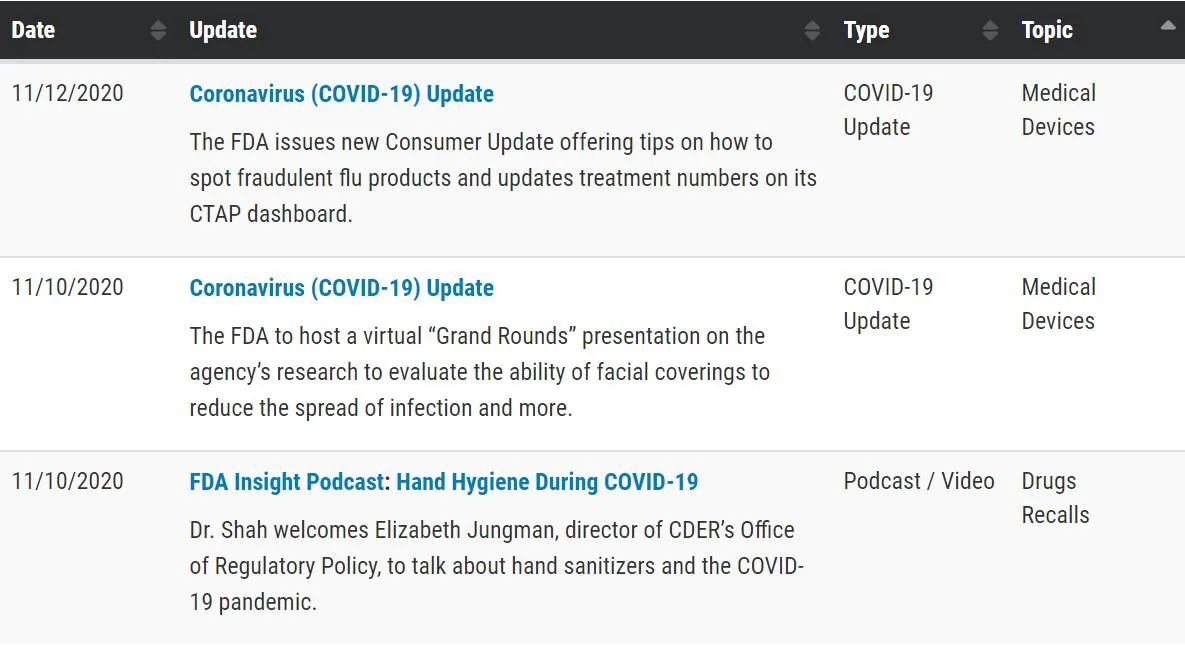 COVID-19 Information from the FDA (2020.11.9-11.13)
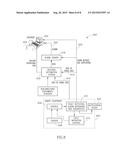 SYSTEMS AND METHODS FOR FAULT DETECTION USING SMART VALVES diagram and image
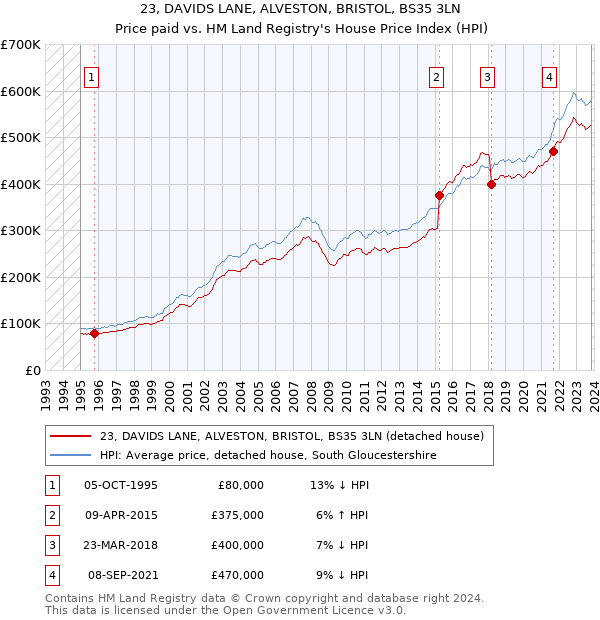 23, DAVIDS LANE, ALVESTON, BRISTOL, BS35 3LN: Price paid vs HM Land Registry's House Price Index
——
== Your instructions ==
The complete material, set down exactly and stripped of pictures, is the expected response.

== Exercise solution ==
 COVID-19 Information from the FDA (2020.11.9-11.13)
 SYSTEMS AND METHODS FOR FAULT DETECTION USING SMART VALVES diagram and image
 23, DAVIDS LANE, ALVESTON, BRISTOL, BS35 3LN: Price paid vs HM Land Registry's House Price Index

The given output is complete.